En nuestro país se construyó un laicismo restrictivo hacia la participación política de los prelados y autoridades religiosas de la iglesia católica, institución opositora a las transformaciones del siglo XIX y la revolución mexicana. Aunque las restricciones se plasmaron tímidamente en la ley (por ejemplo, en la constitución de 1857, donde únicamente se dejó de mencionar a la religión católica como oficial y se estableció de facto la separación entre la iglesia y el Estado), muchos liberales y revolucionarios fueron enfáticos en la necesidad de limitar el poder e influencia cultural de la iglesia, y se embarcaron en una disputa en diversas arenas: política, social y armada. De esas disputas derivaron dolorosas confrontaciones, como la primera y segunda guerra cristera, en los gobiernos de Plutarco Elías Calles y Lázaro Cárdenas, respectivamente.
Por ello el laicismo mexicano, a la luz de una disputa política pero también cultural, derivó en instituir la ilegitimidad de la injerencia de la religión en las decisiones de lo público. Sin embargo, esta característica, como cualquier otro principio normativo o protocolario, tiene fisuras, y en nuestro país han existido y se han expresado grupos que buscan influir, desde la religiosidad, en la política. Algunos lo han hecho desde la trinchera ciudadana y democrática, creando partidos políticos, como el Partido Acción Nacional (PAN), fundado en 1939 con base en la democracia cristiana; pero también han existido alas intransigentes herederas de movimientos antidemocráticos, como los sinarquistas o los cristeros.
El triunfo del laicismo mexicano posrevolucionario fundó una cultura política que dista mucho de otras democracias latinoamericanas, donde hay bancadas religiosas y líderes de diversos cultos en cargos de elección, las escuelas financiadas con recursos públicos también pueden ser religiosas y en lo general no se discute la legitimidad de que el pensamiento religioso rija lo público. En nuestro país, por el contrario, continúan las restricciones, pero en 1992, durante el salinismo, ocurrió una apertura que permitió a miembros de instituciones religiosas participar en elecciones como votantes pasivos (no pueden postularse ni ser electos mientras mantengan su investidura religiosa). Por otra parte, aunque la iglesia católica sigue siendo mayoritaria, hay muchas expresiones e instituciones religiosas que conforman un abanico que dista mucho al panorama del siglo XIX e inicios del XX.

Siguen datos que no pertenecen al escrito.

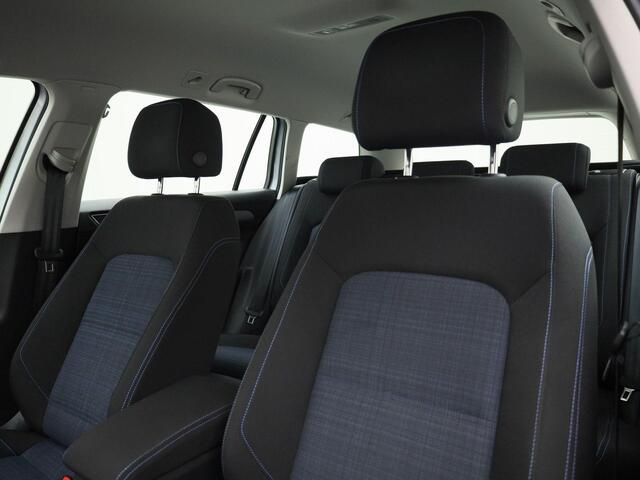 Volkswagen PASSAT Variant 1.4TSI 160kW/218PK PHEV GTE Business DSG · Navigatie · Apple/Android Car Play · Camera + Parkeersensoren · Stoelverwarming ·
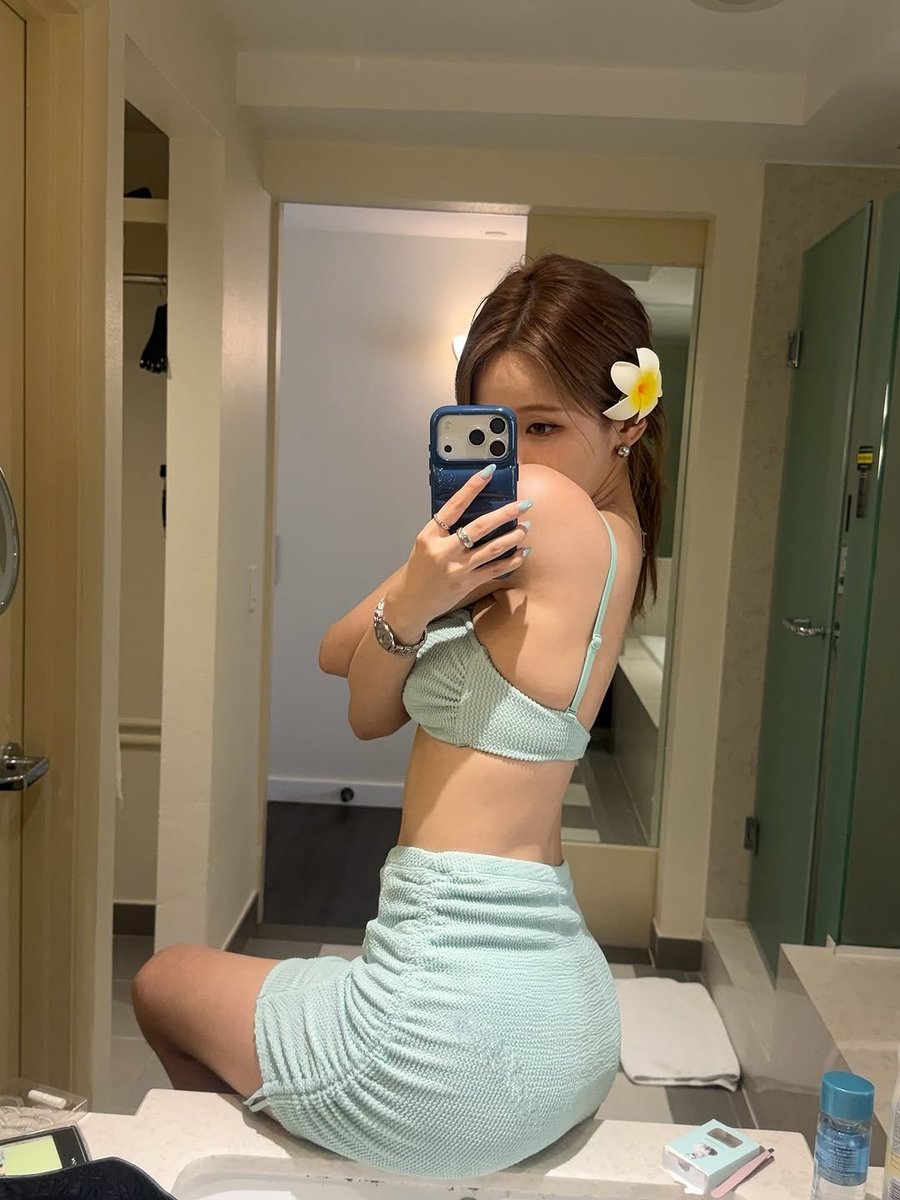 스티키심 환생햇나봐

En este marco, la discusión de los pesebres, aunque parezca irrelevante o superficial, resulta muy interesante y puede sentar las bases de un esquema donde debería tomarse en cuenta que, a nivel global, algunas alas intransigentes de diversas religiones de raíz judeocristiana se han incorporado a las filas de la ultraderecha global, la cual abiertamente está interesada en influir en la política de toda América Latina, incluido México. No es poca cosa que aquí por primera vez se haya recibido a la Conferencia Política de Acción Conservadora y uno de sus líderes más visibles sea un católico que raya en el fanatismo, quien además quiere ser candidato presidencial.
Los límites de nuestro laicismo se van construyendo a través de que continuamente discutamos su naturaleza. El uso de recursos para nacimientos y pesebres puede ser un gesto nimio, pero un mensaje importante en este contexto, donde las derechas golpistas se nutren de los principios dogmáticos y patriarcales de las religiones y amenazan continuamente a las democracias populares con imponerse, incluso por la fuerza.